Exercise objective:
Take the data below and write it out exactly, except for the pictures.

Extracted data entries:
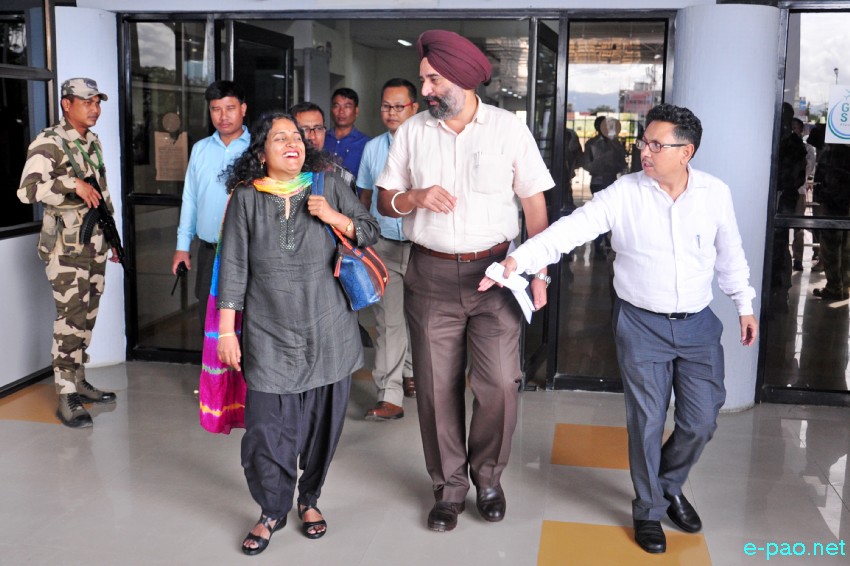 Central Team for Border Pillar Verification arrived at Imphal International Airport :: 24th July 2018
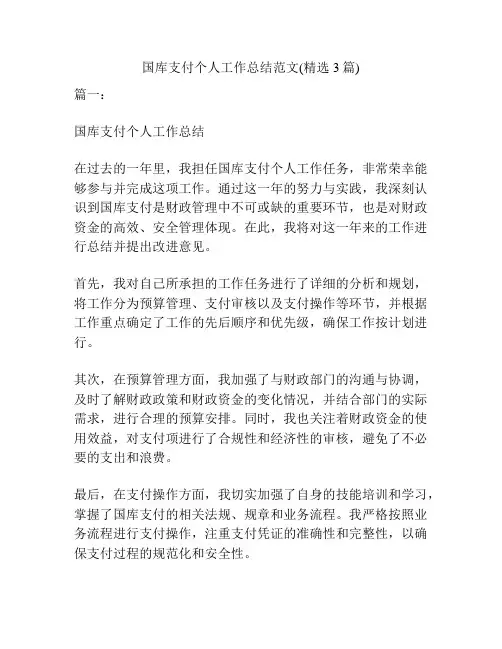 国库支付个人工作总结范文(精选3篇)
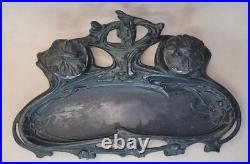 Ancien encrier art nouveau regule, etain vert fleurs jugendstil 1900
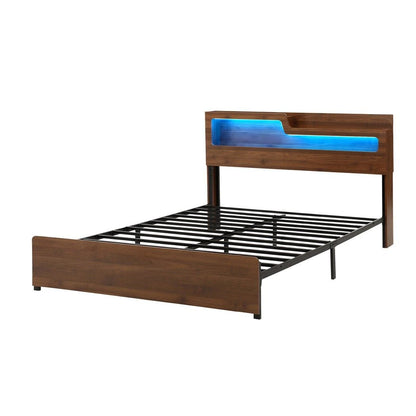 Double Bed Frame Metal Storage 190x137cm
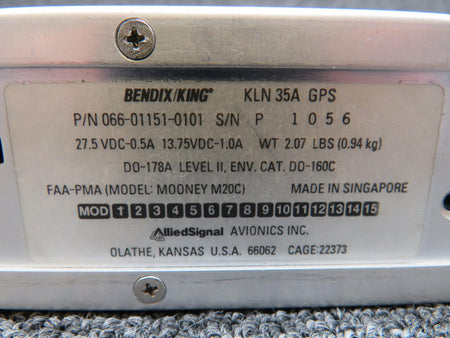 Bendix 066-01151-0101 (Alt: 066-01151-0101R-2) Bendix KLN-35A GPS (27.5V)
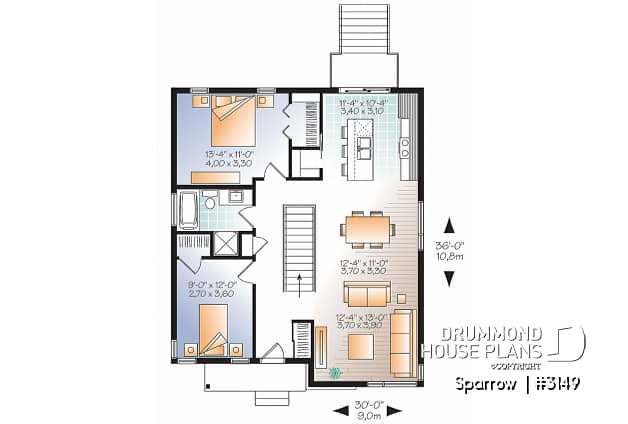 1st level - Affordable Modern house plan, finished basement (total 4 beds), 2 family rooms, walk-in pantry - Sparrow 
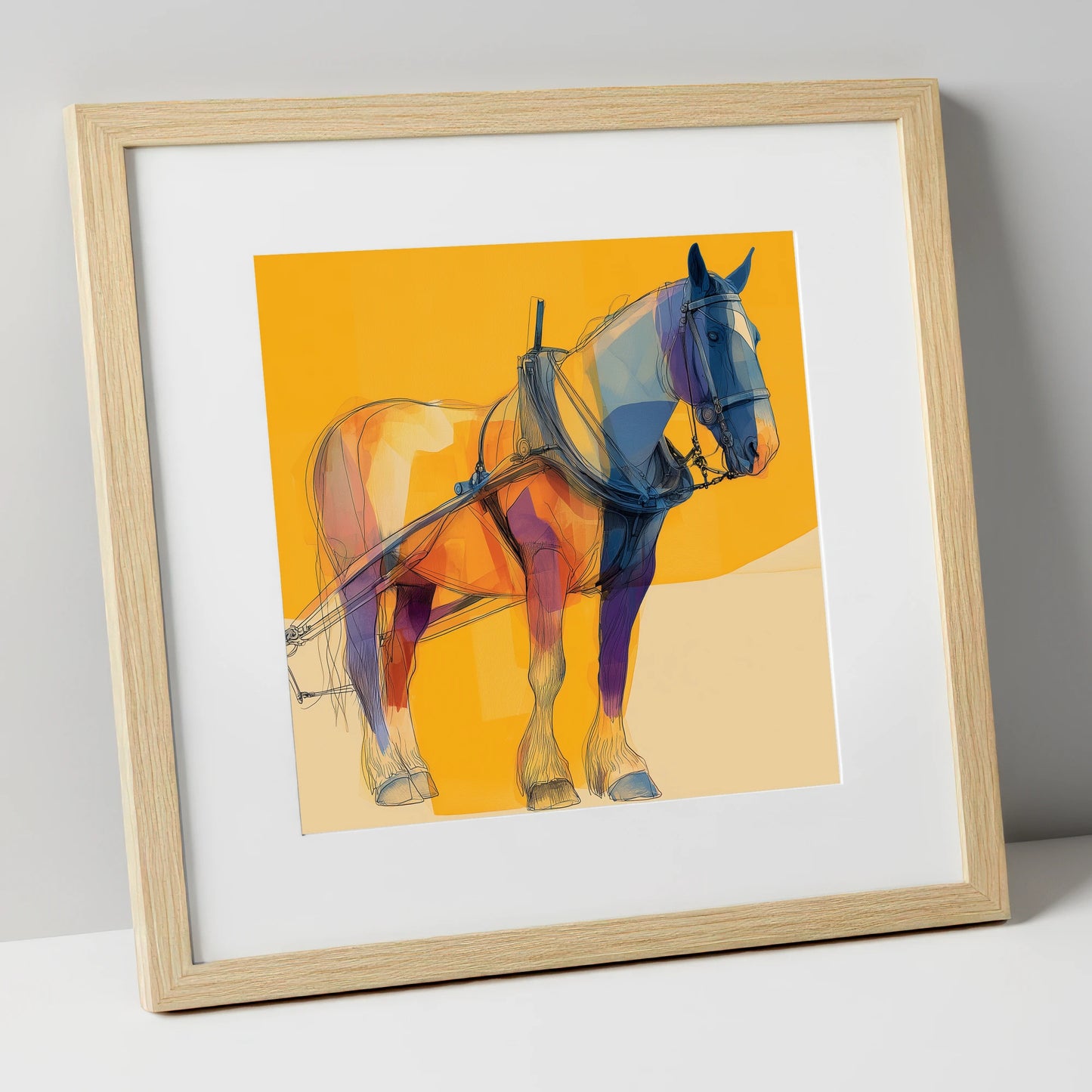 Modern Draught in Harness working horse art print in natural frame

Task result:
 Central Team for Border Pillar Verification arrived at Imphal International Airport :: 24th July 2018
 国库支付个人工作总结范文(精选3篇)
 Ancien encrier art nouveau regule, etain vert fleurs jugendstil 1900
 Double Bed Frame Metal Storage 190x137cm
 Bendix 066-01151-0101 (Alt: 066-01151-0101R-2) Bendix KLN-35A GPS (27.5V)
 1st level - Affordable Modern house plan, finished basement (total 4 beds), 2 family rooms, walk-in pantry - Sparrow 
 Modern Draught in Harness working horse art print in natural frame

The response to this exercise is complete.